È un approccio un po’ diverso dal solito lavoro e mi piace molto: prima immagino una linea creativa da seguire, realizzo le mie clip con After Effects e Cinema 4d, prendo l’aereo, vado alla serata, mando le mie clip con un programma in grado di creare on-the-fly degli effetti grafici (si chiama VDMX), bevo qualche birra, vado in hotel, prendo l’aereo e torno a casa.
Questo è ancora quello che vorrei fare nella vita, magari per band enormi. E prima o poi il signor Chemical Brothers magari mi risponde.

Occhioni azzurri, barbetta incolta e sorriso malizioso. Sei un uomo. Un bell’uomo. Se quell’affascinante uomo alza lo sguardo e prova scrutare più in là cosa vede?

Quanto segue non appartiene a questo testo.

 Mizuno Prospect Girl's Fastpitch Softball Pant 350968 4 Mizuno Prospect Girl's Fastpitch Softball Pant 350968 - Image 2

Glisso amabilmente sull’inizio della domanda perché mi imbarazza molto. Però, insomma, grazie, la mia autostima ringrazia molto.
Sai quella cosa degli obbiettivi che ti dicevo poco più su. Ecco, io penso che bisogna continuamente alzare l’asticella per essere contenti. E quindi a volte penso a New York. E tante volte penso ai Chemical Brothers (mi leggete?). Ancora più in là penso a Cagliari, che il massimo della vita sarebbe essere riconosciuto come un professionista a livello internazionale e poter aprire uno studio mio in riva al mare, che vuoi mettere fare delle conference call con un’Ichnusa e i piedi all’aria calda della Sardegna?

Se ti dico “Splash” cosa ti viene in mente?

Mi viene in mente quando ero bambino ed ero in montagna con i miei genitori e ho messo un piede in una mega cacca di mucca e poi mi hanno lavato le gambe dentro al lago Nambino, perché, sì, avevo la merda fino alle ginocchia.
Penso all’estate e i gavettoni e Sabrina Salerno che fa il concorso di miss maglietta bagnata. O forse Samantha Fox. Ok, i miei riferimenti culturali sono abbastanza anni 80, lo ammetto. E decisamente tettuti.
Penso a Pollock e all’action painting, alla mostra che c’è adesso alla Tate Modern e non sono andato ancora a vedere, mannaggia.
Splash. Un mega orgasmo. Ma di quelli giganti che tolgono il fiato e ribaltano gli occhi. E poi devi girare il materasso.
Penso a Drop che è una canzone dei Cornelius che mi piace tanto e c’è il video proprio bello.
Penso all’inchiostro nell’acqua e di quella volta che ho fatto un video per il Principe di Savoia. Non il signore eh, l’albergo.
Penso allo schiaffo che ti fa fare prendere delle decisioni un po’ grosse e la guancia fa male ancora e però a volte sorridi lo stesso.
In realtà la prima cosa che m’è venuta in mente è la barzelletta più brutta del mondo, quella dell’uomo che entra in un caffè. Scusa.